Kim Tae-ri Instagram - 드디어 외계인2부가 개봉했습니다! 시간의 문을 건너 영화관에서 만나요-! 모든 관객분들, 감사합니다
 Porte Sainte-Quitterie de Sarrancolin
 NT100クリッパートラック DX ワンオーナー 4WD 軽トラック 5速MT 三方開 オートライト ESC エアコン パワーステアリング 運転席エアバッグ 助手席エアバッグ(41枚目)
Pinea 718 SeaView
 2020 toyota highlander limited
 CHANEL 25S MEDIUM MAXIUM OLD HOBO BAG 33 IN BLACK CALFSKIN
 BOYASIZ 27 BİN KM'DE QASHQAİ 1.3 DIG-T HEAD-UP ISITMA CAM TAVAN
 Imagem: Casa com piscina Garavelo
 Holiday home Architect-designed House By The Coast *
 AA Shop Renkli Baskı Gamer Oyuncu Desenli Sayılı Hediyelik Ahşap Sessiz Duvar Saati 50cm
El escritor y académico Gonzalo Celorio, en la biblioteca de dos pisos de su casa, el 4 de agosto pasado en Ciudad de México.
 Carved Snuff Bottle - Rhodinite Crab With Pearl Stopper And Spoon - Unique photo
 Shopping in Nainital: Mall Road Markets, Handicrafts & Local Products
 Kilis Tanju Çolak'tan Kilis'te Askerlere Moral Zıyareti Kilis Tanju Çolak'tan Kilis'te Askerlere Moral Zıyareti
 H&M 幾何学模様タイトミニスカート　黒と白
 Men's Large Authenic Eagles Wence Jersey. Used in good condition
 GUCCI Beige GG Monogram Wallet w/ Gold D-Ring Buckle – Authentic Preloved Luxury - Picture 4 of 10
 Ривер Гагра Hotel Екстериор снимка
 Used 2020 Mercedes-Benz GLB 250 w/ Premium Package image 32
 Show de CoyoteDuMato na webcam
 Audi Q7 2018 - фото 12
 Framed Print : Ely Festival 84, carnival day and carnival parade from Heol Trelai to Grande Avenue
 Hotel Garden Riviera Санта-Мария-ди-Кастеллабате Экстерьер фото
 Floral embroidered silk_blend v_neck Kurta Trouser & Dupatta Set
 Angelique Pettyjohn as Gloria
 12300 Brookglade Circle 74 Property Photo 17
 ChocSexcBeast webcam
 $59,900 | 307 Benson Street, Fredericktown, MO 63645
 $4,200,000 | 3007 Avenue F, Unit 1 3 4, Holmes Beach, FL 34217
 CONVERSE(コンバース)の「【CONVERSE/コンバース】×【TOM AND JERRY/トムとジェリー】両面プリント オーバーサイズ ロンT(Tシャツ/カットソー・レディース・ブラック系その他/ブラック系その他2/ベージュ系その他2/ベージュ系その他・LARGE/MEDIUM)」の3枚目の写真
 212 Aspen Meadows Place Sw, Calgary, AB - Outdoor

════════════════════

Problem to solve |
Could every entry be given again exactly, with no line skipped?

Solution to this problem |
Kim Tae-ri Instagram - 드디어 외계인2부가 개봉했습니다! 시간의 문을 건너 영화관에서 만나요-! 모든 관객분들, 감사합니다
 Porte Sainte-Quitterie de Sarrancolin
 NT100クリッパートラック DX ワンオーナー 4WD 軽トラック 5速MT 三方開 オートライト ESC エアコン パワーステアリング 運転席エアバッグ 助手席エアバッグ(41枚目)
Pinea 718 SeaView
 2020 toyota highlander limited
 CHANEL 25S MEDIUM MAXIUM OLD HOBO BAG 33 IN BLACK CALFSKIN
 BOYASIZ 27 BİN KM'DE QASHQAİ 1.3 DIG-T HEAD-UP ISITMA CAM TAVAN
 Imagem: Casa com piscina Garavelo
 Holiday home Architect-designed House By The Coast *
 AA Shop Renkli Baskı Gamer Oyuncu Desenli Sayılı Hediyelik Ahşap Sessiz Duvar Saati 50cm
El escritor y académico Gonzalo Celorio, en la biblioteca de dos pisos de su casa, el 4 de agosto pasado en Ciudad de México.
 Carved Snuff Bottle - Rhodinite Crab With Pearl Stopper And Spoon - Unique photo
 Shopping in Nainital: Mall Road Markets, Handicrafts & Local Products
 Kilis Tanju Çolak'tan Kilis'te Askerlere Moral Zıyareti Kilis Tanju Çolak'tan Kilis'te Askerlere Moral Zıyareti
 H&M 幾何学模様タイトミニスカート　黒と白
 Men's Large Authenic Eagles Wence Jersey. Used in good condition
 GUCCI Beige GG Monogram Wallet w/ Gold D-Ring Buckle – Authentic Preloved Luxury - Picture 4 of 10
 Ривер Гагра Hotel Екстериор снимка
 Used 2020 Mercedes-Benz GLB 250 w/ Premium Package image 32
 Show de CoyoteDuMato na webcam
 Audi Q7 2018 - фото 12
 Framed Print : Ely Festival 84, carnival day and carnival parade from Heol Trelai to Grande Avenue
 Hotel Garden Riviera Санта-Мария-ди-Кастеллабате Экстерьер фото
 Floral embroidered silk_blend v_neck Kurta Trouser & Dupatta Set
 Angelique Pettyjohn as Gloria
 12300 Brookglade Circle 74 Property Photo 17
 ChocSexcBeast webcam
 $59,900 | 307 Benson Street, Fredericktown, MO 63645
 $4,200,000 | 3007 Avenue F, Unit 1 3 4, Holmes Beach, FL 34217
 CONVERSE(コンバース)の「【CONVERSE/コンバース】×【TOM AND JERRY/トムとジェリー】両面プリント オーバーサイズ ロンT(Tシャツ/カットソー・レディース・ブラック系その他/ブラック系その他2/ベージュ系その他2/ベージュ系その他・LARGE/MEDIUM)」の3枚目の写真
 212 Aspen Meadows Place Sw, Calgary, AB - Outdoor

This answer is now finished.